Natalie Jane Adams (born 1965) is an Australian judge. She has been a judge of the Supreme Court of New South Wales since 2016.

Adams was born in Narrandera, and was educated at St Joseph's Convent Primary School, St Francis de Sales Regional College at Leeton and Kincoppal-Rose Bay, Sydney. She subsequently studied law and economics at the University of Sydney, where she was a resident at Sancta Sophia College graduating with honours in law in 1989, and was admitted as a solicitor in June 1989. She later completed a Master of Laws from the University of New South Wales in 1994, specialising in criminal law.

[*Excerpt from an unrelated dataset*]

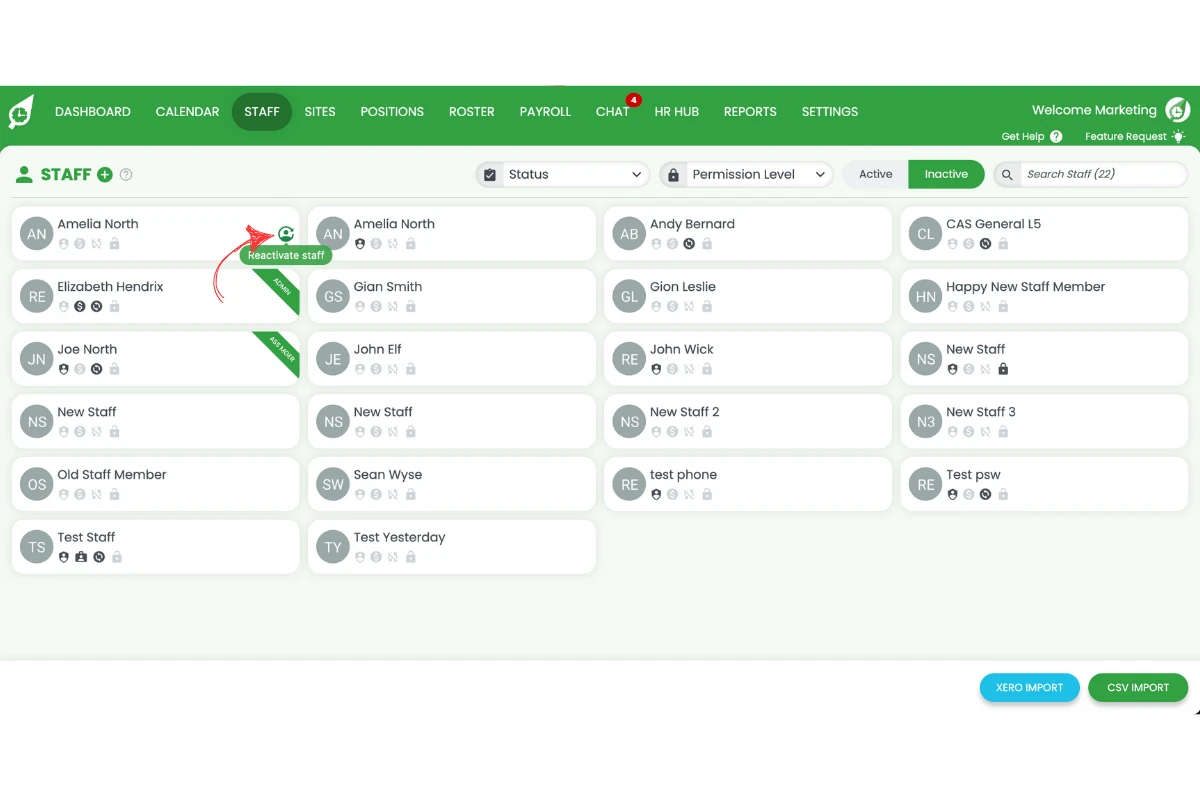 Reactivate button on an inactive staff member in RosterElf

Adams first began practising in commercial law at Freehill Hollingdale & Page. In 1990, she shifted to criminal law and joined the Office of the Director of Public Prosecutions (ODPP). Adams worked in their Court of Criminal Appeal Unit from 1991 to 1993, and later as a professional assistant to the Director of Public Prosecutions, where she wrote legal advice for the Director. Adams left the ODPP in 1996 and worked at the Legal Aid Commission as duty solicitor at their Hurstville office and then in the indictable section of their Parramatta office. In 1997, she began working at the Crown Solicitor's Office, where one of her cases saw her assisting the coroner in the inquest into the murder of state MP John Newman.

Adams was admitted as a barrister in 2001, and in 2002 was appointed a Crown Prosecutor. In one prominent case, Adams was the lead prosecutor in the trial of several bikie gang members over a fatal brawl involving Comanchero Motorcycle Club figures at Sydney Airport. She was appointed as the state's Crown Advocate on 28 November 2011, and gained senior counsel status in 2012.

Adams was appointed to the Supreme Court by Attorney-General Gabrielle Upton taking effect on 5 April 2016, filling the vacancy left by the retirement of Justice Peter Hidden. She was one of the judges who dismissed former MP Eddie Obeid's appeal against his conviction and sentence.